Service: When Required.

Except as otherwise provided in these rules, every order required by its terms to be served, every pleading subsequent to the original complaint unless the court otherwise orders because of numerous defendants, every paper relating to discovery required to be served upon a party unless the court otherwise orders, every written motion other than one which may be heard ex parte, and every written notice, appearance, demand, offer of judgment, designation of record on appeal, and similar paper shall be served upon each of the parties. No service need be made on parties in default for failure to appear except that pleadings asserting new or additional claims for relief against them shall be served upon them in the manner provided for service of summons in Rule 4.

Service: How Made.

Whenever under these rules service is required or permitted to be made upon a party represented by an attorney the service shall be made upon the attorney unless personal service upon the party is ordered by the court. A resident attorney, on whom pleadings and other papers may be served, shall be associated as attorney of record with any foreign attorney practicing in any courts of this state. Service upon the attorney or upon a party shall be made by delivering a copy to the attorney or by mailing it to him at his address as given in the pleadings or by sending it via facsimile machine transmission to a facsimile number if one is designated in the pleadings, or if no pleading has been filed, or no address is given therein, then at his last known address or, if no address is known, by leaving it with the clerk of the court. Delivery of a copy within this Rule means: Handing it to the attorney or to the party; or leaving it at his office with the attorney’s clerk or other person in charge thereof; or, if there is no one in charge, leaving it in a conspicuous place therein; or, if the office is closed or the person to be served has no office, leaving it at the person’s dwelling house or usual place of abode with some member of the family over the age of eighteen years then residing therein. Service by mail is complete upon mailing.

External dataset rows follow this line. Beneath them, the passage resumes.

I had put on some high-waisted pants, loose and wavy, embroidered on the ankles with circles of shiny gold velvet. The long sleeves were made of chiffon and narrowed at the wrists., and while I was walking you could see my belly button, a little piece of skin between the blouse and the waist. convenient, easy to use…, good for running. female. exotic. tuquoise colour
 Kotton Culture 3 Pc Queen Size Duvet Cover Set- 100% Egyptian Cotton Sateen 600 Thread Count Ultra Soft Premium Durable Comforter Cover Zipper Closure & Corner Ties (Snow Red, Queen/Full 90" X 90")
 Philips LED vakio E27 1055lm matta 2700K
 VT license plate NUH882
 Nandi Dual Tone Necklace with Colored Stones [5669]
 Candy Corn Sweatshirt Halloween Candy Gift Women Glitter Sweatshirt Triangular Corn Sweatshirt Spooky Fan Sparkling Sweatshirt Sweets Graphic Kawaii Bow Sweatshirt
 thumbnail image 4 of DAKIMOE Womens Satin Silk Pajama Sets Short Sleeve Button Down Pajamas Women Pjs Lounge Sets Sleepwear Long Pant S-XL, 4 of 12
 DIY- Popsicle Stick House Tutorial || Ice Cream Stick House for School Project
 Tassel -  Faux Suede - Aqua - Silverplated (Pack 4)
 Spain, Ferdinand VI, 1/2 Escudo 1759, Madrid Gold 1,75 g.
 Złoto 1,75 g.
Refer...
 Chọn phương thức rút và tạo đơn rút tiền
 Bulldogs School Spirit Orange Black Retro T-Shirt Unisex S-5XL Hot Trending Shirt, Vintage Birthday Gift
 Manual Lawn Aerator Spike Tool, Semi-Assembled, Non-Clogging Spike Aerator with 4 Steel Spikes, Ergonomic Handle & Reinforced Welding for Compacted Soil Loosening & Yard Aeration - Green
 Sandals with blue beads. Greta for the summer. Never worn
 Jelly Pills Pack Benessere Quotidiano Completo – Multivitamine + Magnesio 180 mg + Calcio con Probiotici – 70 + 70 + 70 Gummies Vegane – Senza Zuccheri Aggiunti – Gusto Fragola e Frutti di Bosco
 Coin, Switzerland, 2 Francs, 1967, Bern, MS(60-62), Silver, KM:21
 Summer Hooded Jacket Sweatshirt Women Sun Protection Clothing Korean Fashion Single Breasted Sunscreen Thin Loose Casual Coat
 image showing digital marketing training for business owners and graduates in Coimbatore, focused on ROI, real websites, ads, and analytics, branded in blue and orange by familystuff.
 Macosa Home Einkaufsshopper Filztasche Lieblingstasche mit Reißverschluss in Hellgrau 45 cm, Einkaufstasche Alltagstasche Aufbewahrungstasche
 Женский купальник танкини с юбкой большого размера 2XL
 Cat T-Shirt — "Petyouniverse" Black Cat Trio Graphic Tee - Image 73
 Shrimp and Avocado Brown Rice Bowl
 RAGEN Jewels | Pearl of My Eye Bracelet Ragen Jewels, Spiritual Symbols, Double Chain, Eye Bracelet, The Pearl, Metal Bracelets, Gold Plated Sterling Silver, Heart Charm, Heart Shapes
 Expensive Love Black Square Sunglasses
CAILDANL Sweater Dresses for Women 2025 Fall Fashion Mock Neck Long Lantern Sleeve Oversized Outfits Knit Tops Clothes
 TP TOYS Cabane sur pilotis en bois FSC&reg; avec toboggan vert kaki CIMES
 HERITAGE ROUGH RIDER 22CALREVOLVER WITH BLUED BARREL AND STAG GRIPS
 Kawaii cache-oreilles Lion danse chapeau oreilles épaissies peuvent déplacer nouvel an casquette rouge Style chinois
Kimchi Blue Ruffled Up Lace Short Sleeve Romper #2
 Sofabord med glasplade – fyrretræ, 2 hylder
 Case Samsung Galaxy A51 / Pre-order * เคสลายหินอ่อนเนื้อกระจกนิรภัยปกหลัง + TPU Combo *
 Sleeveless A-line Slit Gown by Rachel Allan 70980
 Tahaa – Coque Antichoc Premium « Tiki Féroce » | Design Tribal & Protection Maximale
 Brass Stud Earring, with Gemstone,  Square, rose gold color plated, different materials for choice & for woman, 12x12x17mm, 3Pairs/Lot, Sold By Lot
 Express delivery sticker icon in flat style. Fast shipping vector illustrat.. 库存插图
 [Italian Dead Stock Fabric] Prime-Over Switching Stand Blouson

Service: Numerous Defendants.

In any action in which there are unusually large numbers of defendants, the court, upon motion or of its own initiative, may order that service of the pleadings of the defendants and replies thereto need not be made as between the defendants and that any cross-claim, counterclaim, or matter constituting an avoidance or affirmative defense contained therein shall be deemed to be denied or avoided by all other parties and that the filing of any such pleading and service thereof upon the plaintiff constitutes due notice of it to the parties. A copy of every such order shall be served upon the parties in such manner and form as the court directs.

Filing and Serving.

Interrogatories, answers thereto, requests for admission, responses thereto, requests for production, responses thereto, and depositions shall not be filed until they are used in court proceedings. In all cases where these rules do not expressly require the filing and service of a paper, subsequent to the original complaint, and the filing of a paper alone is provided for, a copy of such paper so filed shall be served upon the adverse party contemporaneously with the filing of such paper, and where the service alone of any paper is required it shall be filed either before service or within a reasonable time thereafter. All papers after the complaint which are required to be served upon a party shall contain a certificate of service.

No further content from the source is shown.